In TF1, using tf.layers.batch_normalization, you could do something like
x = my_first_inputs # I want to use these data for updating moving statistics
y = my_second_inputs # I do not want to use these data for updating moving statistics
out_x = my_model(x, training=True)
update_ops = tf.get_collection(tf.GraphKeys.UPDATE_OPS)
out_y = my_model(y, training=True)
…
train_op = gradient step to minimize loss
…
with tf.control_dependencies([train_op]):
train_op = tf.group(*update_ops)
session.run(train_op)
Does anyone have an idea of how to replicate this in TF2?
Unfortunately I can’t really find a solution for my problem in the migration guide. All it says is that the moving statistics for BatchNorm will be updated automatically in TF2 when calling with “training=True”, which is what I don’t want.
I am also unfortunately not familiar enough with all the inner mechanics of TF2 to understand how the snippet from eager_utils.py helps me.
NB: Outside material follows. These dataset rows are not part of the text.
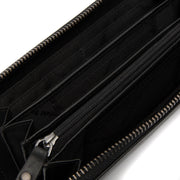 Solid Antique Brass Hardware &amp; Heavy-Duty Dual Zipper Detail on Cantara Full-Grain Leather Wallet til Kvinder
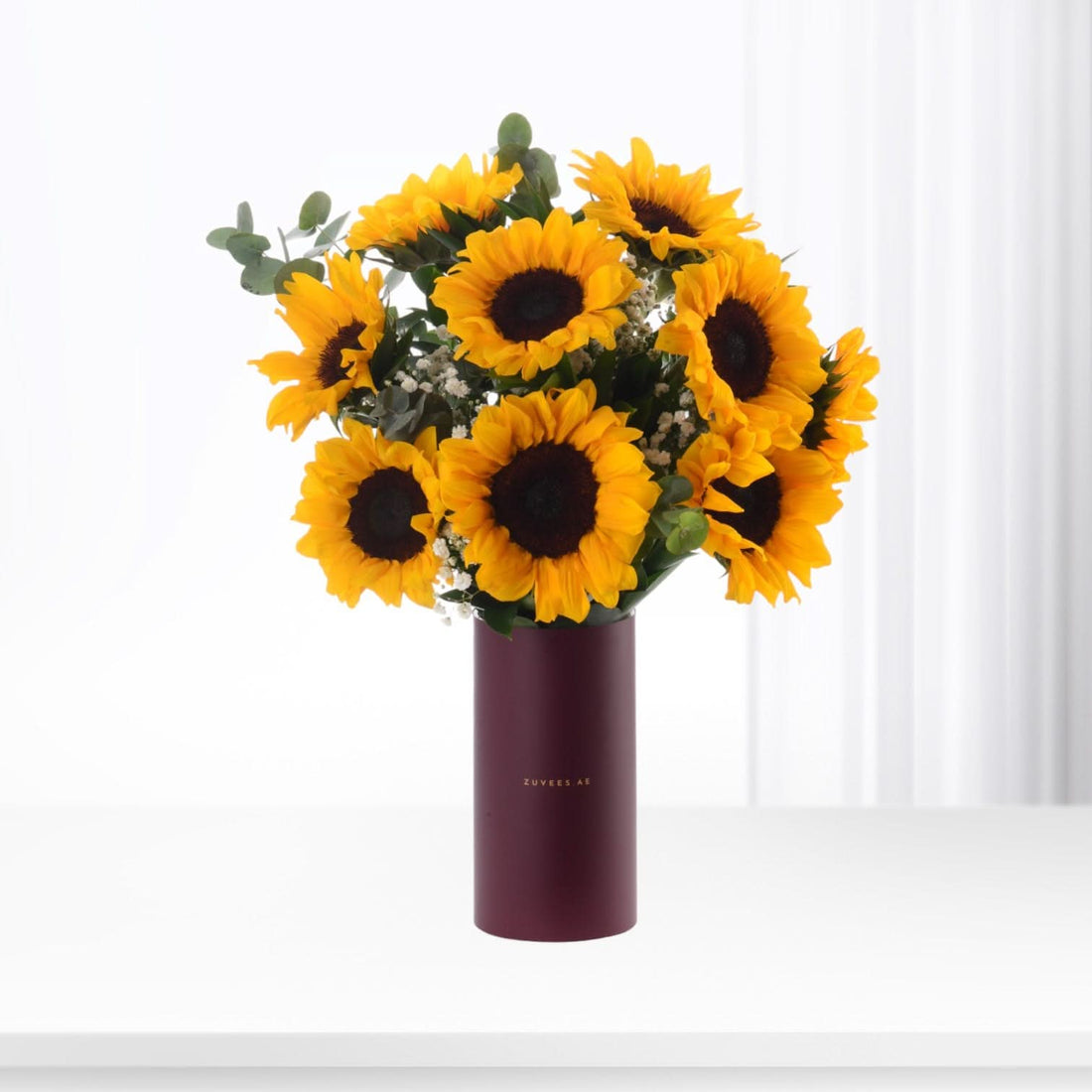 Vibrant sunflowers in deep burgundy vase, minimalist white background.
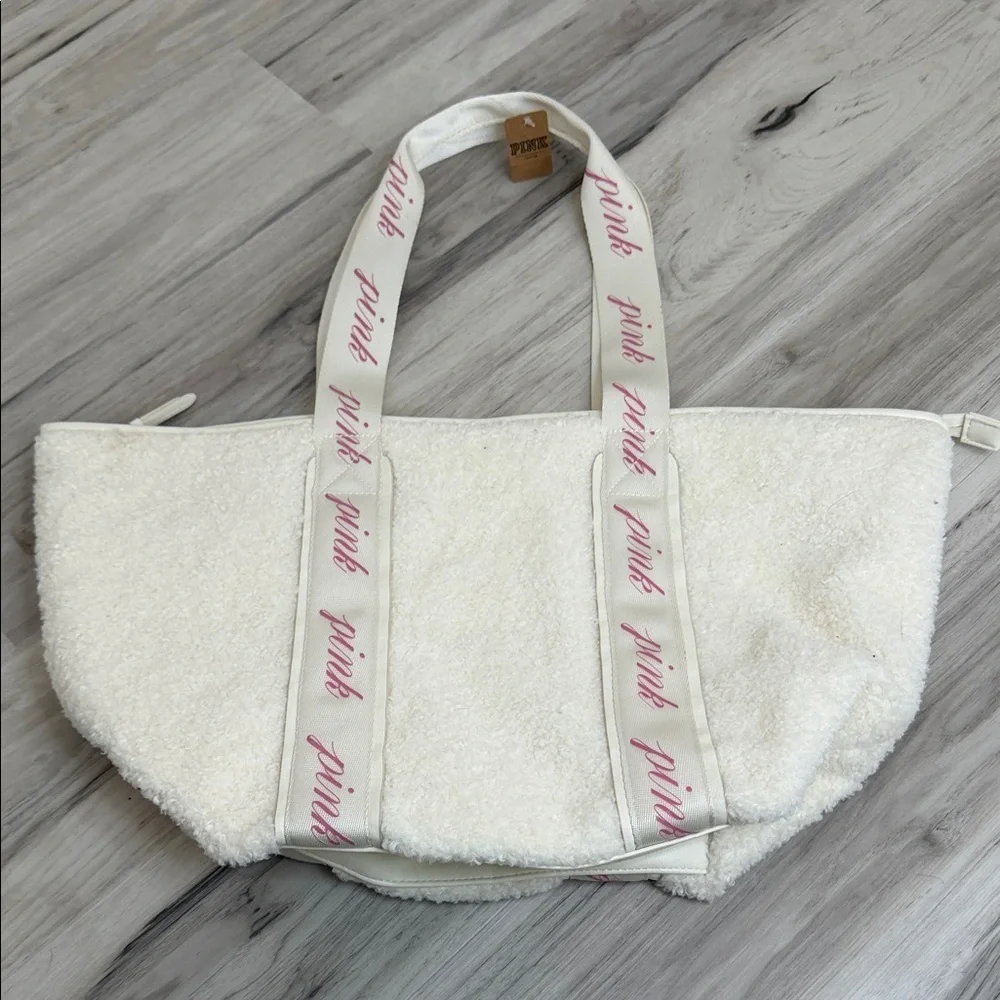 NWT PINK Victoria's Secret Cream Sherpa Tote Bag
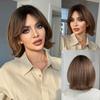 Braune Bob Perücke für Frauen - Gestuft, nach innen gebogen, luftiger Pony, hitzestylingbereit, trimmbereit, koreanischer Stil, altersreduzierende Vollkappe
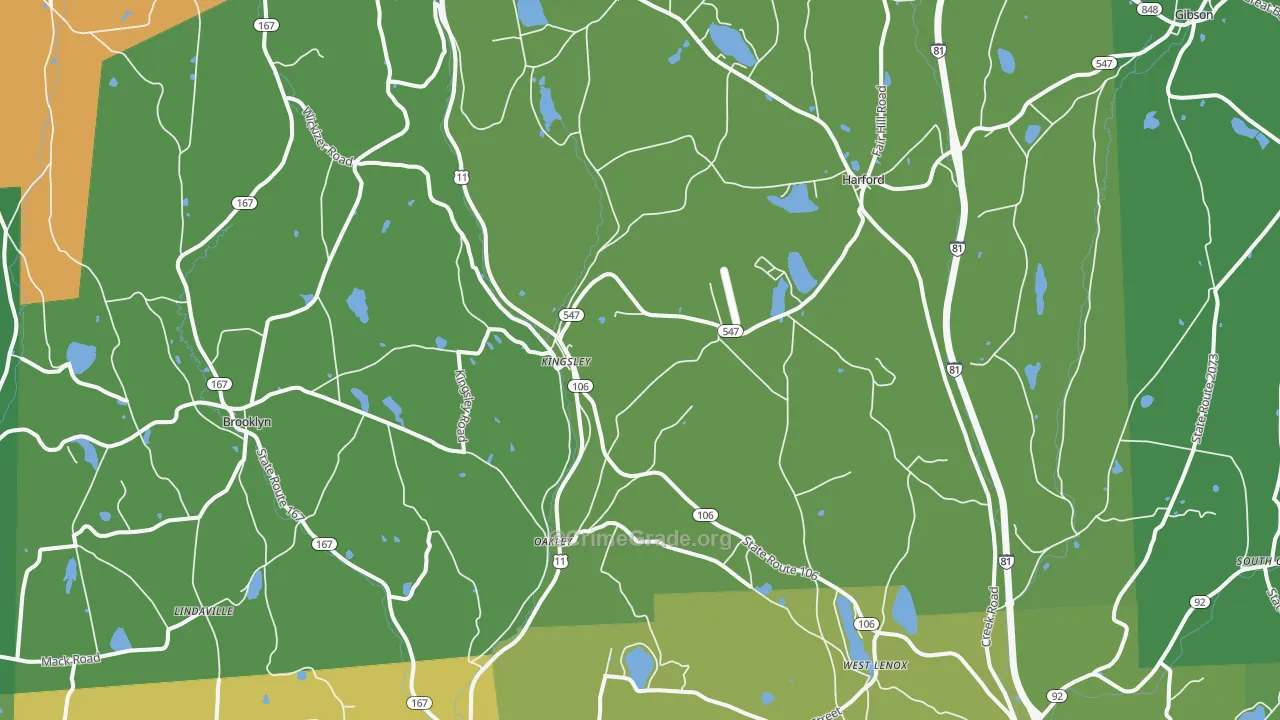 Kingsley, PA Map of Theft Rates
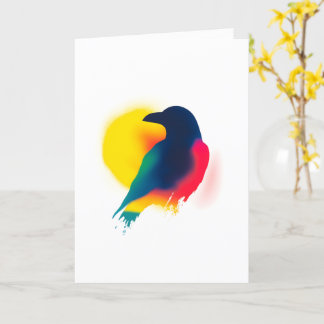 Colourful Spray Paint Crow Silhouette Card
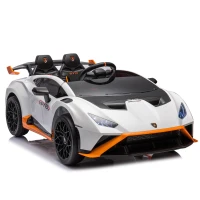 24V Lamborghini Huracan Sto Kids Drift Car with Remote Control, Dual-Drive Suspension, LED Lights, USB, Ages 3-8, 46" L x 27" W x 17" H, White(m-2)
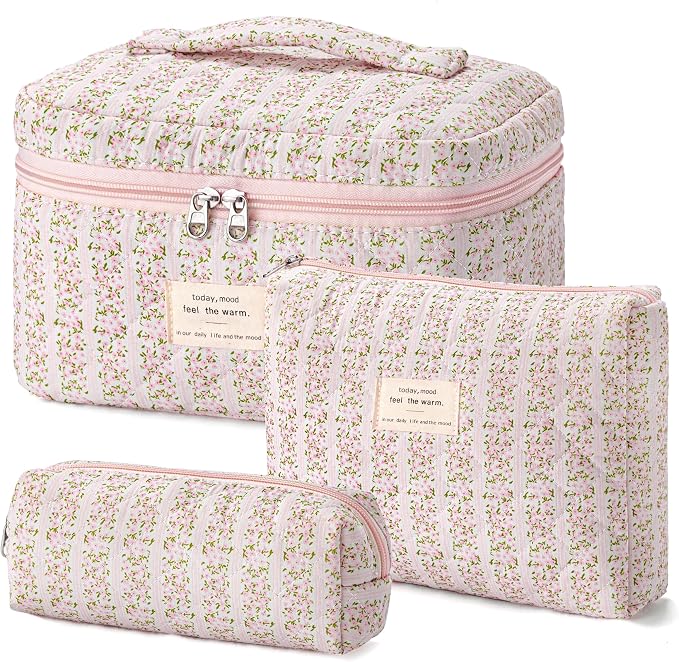 HBselect Quilted Makeup Bag, 3Pcs Cotton Large Travel Makeup Bags Organizer | Cute Floral Make up Bag Cosmetic Bag Toiletry Bag for Women Girls, Makeup Pouch for Skincare, Brushes & Travel Essentials by HBselect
I think I finally found a fairly good solution to this. Posting in case anyone with the same problem finds this thread.
One cause of my original problem is that tf.keras.layers.BatchNormalization uses a custom behavior for layer.trainable = False. From the docs:
However, in the case of the BatchNormalization layer, setting trainable = False on the layer means that the layer will be subsequently run in inference mode (meaning that it will use the moving mean and the moving variance to normalize the current batch, rather than using the mean and variance of the current batch).
This behavior has been introduced in TensorFlow 2.0, in order to enable layer.trainable = False to produce the most commonly expected behavior in the convnet fine-tuning use case.
This behavior can be disabled by subclassing tf.keras.layers.BatchNormalization and overwriting the _get_training_value() method:
class MyBatchNorm(tf.keras.layers.BatchNormalization):
def _get_training_value(self, training=None):
if training is None:
training = backend.learning_phase()
if self._USE_V2_BEHAVIOR:
if isinstance(training, int):
training = bool(training)
#if not self.trainable:
# # When the layer is not trainable, it overrides the value passed
# # from model.
# training = False
return training
Note that the custom behavior for layer.training is disabled by the commenting the four lines.
We can then use batch normalization with batch statistics but without updating the moving statistics using something like
model = MyBatchNorm()
model.trainable = False
out = model(x, training=True)
whereas the unmodified tf.keras.layers.BatchNormalization would use the moving statistics in this call.